Le dialogue interdisciplinaire revient comme un refrain, dans l’épopée chantée le 6 avril par les auteurs et financeurs de l’étude « Végétal et espaces de nature dans la planification urbaine ».
Dès son origine en 2018, la commande est née d’un besoin de liens : « Plante & Cité s’était concentré jusqu’ici surtout sur la gestion du végétal. Nos adhérents ont exprimé le besoin de remonter vers les aménageurs et les acteurs de la planification », rappelle Sandrine Larramendy, chargée d’étude Paysage et urbanisme.
Besoins de liens
Durant ces trois ans-et-demi, le besoin de liens a trouvé une première réponse dans le groupe de 20 personnes fédérées par le centre de ressources sur le végétal en ville basé à Angers, pour conduire le projet : « Des professionnels de la filière horticulture et paysage, des chercheurs et des collectivités », énumère Sandrine Larramendy.
Deux consultations nationales menées auprès des professionnels et du bloc local ont orienté les travaux, souvent inspirés par le retour d’expériences des villes classées au palmarès du concours « capitale française de la biodiversité ».
L’identification des freins renforce le besoin de liens : le manque de connaissances et de dialogue interservices relègue les plantes au second plan, au moment des arbitrages. Parmi les élus qui prennent le taureau par les cornes, l’adjoint au maire de Lyon en charge de la biodiversité précise le défi : « Il s’agit non seulement d’organiser le dialogue à l’intérieur de la collectivité entre les services d’espaces verts et d’urbanisme, mais aussi entre la ville et la métropole, laquelle gère notamment les arbres de bord de route », rappelle Nicolas Husson.
Nantes relayera le message le 29 septembre, en accueillant la prochaine journée technique nationale de Plante & Cité sur la planification.
Mobiliser le privé
Au stade de la mise en œuvre, l’articulation entre l’art et la science ne coule pas de source : « Il ne suffit pas de planter. Une vision 100 % horticole ne répond ni aux attentes du public, ni aux exigences de durabilité, ni à celles de la biodiversité », tranche Philippe Clergeau, professeur émérite au muséum national d’histoire naturelle et président du conseil scientifique de Plante & Cité.
D’accord pour « réinventer l’horticulture à l’aune de l’écologie », l’interprofession du végétal et du paysage fédérée par Val’hor identifie deux autres exigences exprimées par son secrétaire général, le paysagiste Michel Audouy : « Mobiliser le foncier privé des entreprises et des particuliers, car les collectivités arrivent au bout de leur capacité à agir ; associer les professionnels en amont des projets, pour éviter les écueils d’une approche participative parfois naïve ».
Nouvel arsenal
Pour relever le défi, l’étude de Plante & Cité révèle la bonne nouvelle : les outils existent, à toutes les échelles, depuis les clôtures jusqu’aux orientations d’aménagement et de programmation en passant par les coefficients de biotope.
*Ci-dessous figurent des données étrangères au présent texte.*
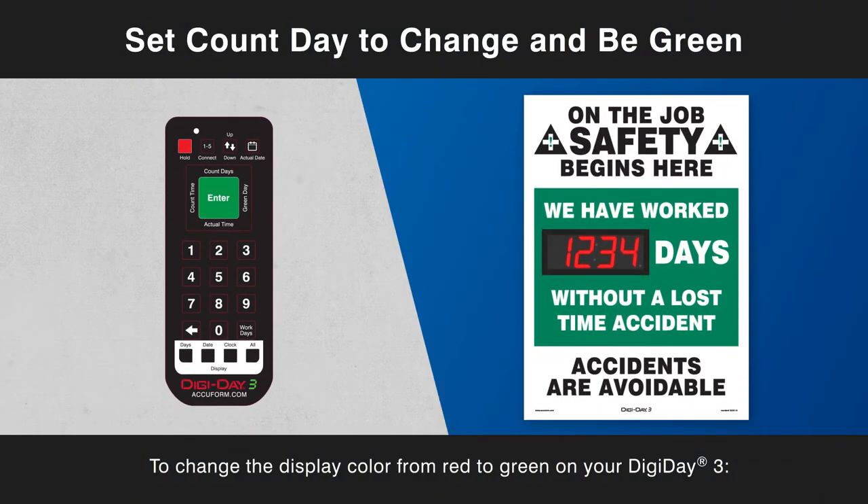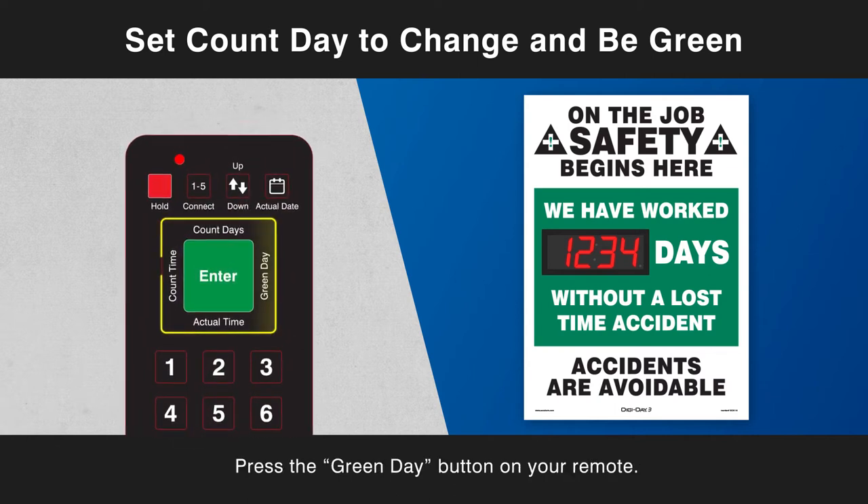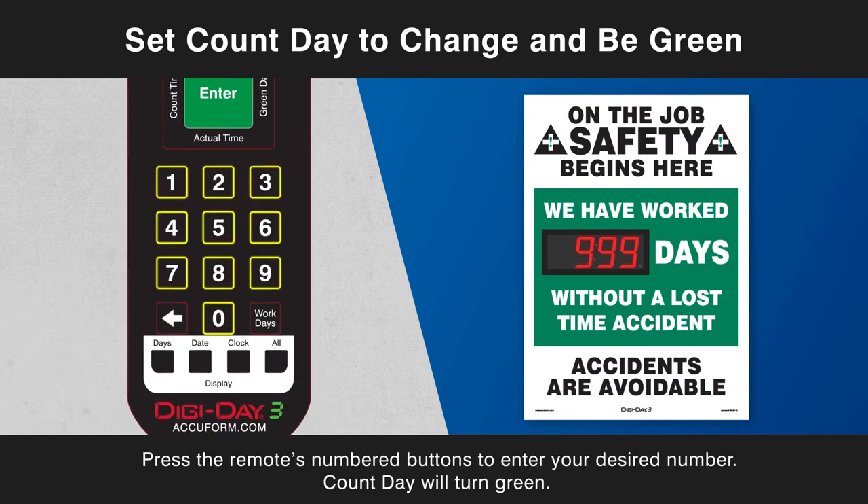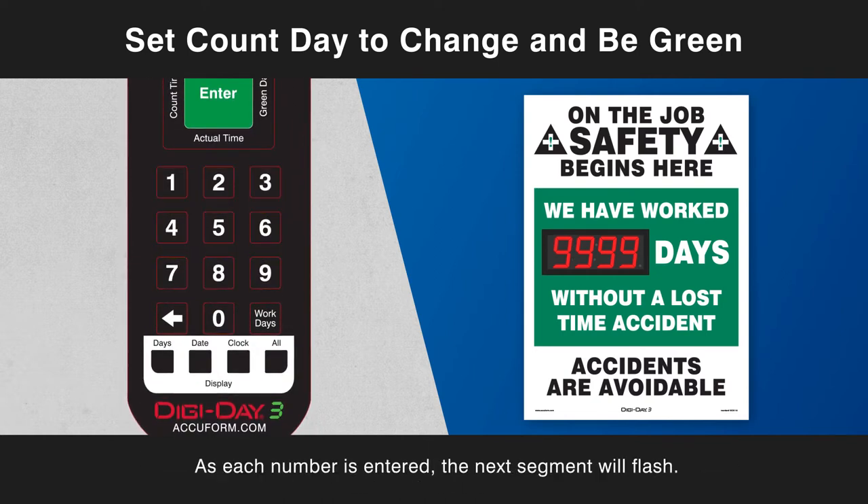To change the display color from red to green on your DigiDay3, press the Green Day button on your remote. The first segment number will flash. Press the remote's numbered buttons to enter your desired number. As each number is entered, the next segment will flash.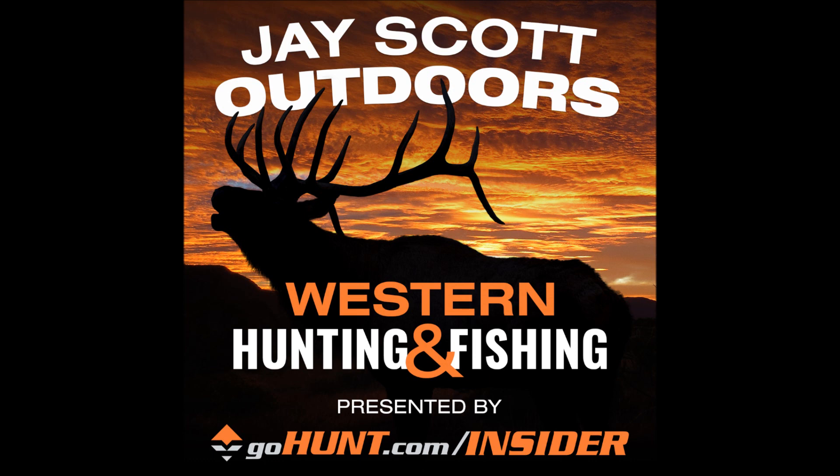I'd also like to thank Wilderness Athlete, committed to improving the health and quality of life for the outdoor athlete by providing field-tested, scientifically validated nutrition and sports performance products. Check them out at WildernessAthlete.com and use the J. Scott promo code to receive 10% off any order.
La loi Climat & Résilience ajoute sa panoplie détaillée par Jean-Baptiste Butlen, sous-directeur de l’aménagement durable aux ministères de la Transition écologique et de la Cohésion des territoires : « Identification des secteurs de renaturation dans les schémas de cohérence territoriale, obligation de traçage de la trame verte et bleue dans les plans locaux d’urbanisme, bonus de constructibilité conditionnées par la création d’espaces verts... ».
Co-financeur de l’étude de plante & Cité, l’Etat promet l’émergence de nouvelles références, à l’issue de l’appel à manifestation d’intérêt sur les « démonstrateurs de la ville durable », lancé dans le cadre du quatrième programme d’investissements d’avenir.
Cherche plantes, cerveaux et bras
Tout en se réjouissant de ces belles perspectives, les professionnels alertent les collectivités sur les obstacles à court terme : « Faute d’anticipation sur la palette végétale, les appels d’offres risquent de se heurter à un manque de fournitures. Actuellement, les reports d’ouverture de chantier renforcent ce problème de disponibilité des ressources : le vivant n’attend pas, contrairement à l’inerte », rappelle Catherine Muller, présidente de Val’hor.
Le déficit de main d’œuvre aggrave la difficulté exprimée non sans inquiétude par Laurent Cuquel, directeur du centre de formation professionnelle et de promotion agricole d’Antibes spécialisé dans l’horticulture : « Avec quels cerveaux et avec quels bras allons-nous végétaliser la ville ? ».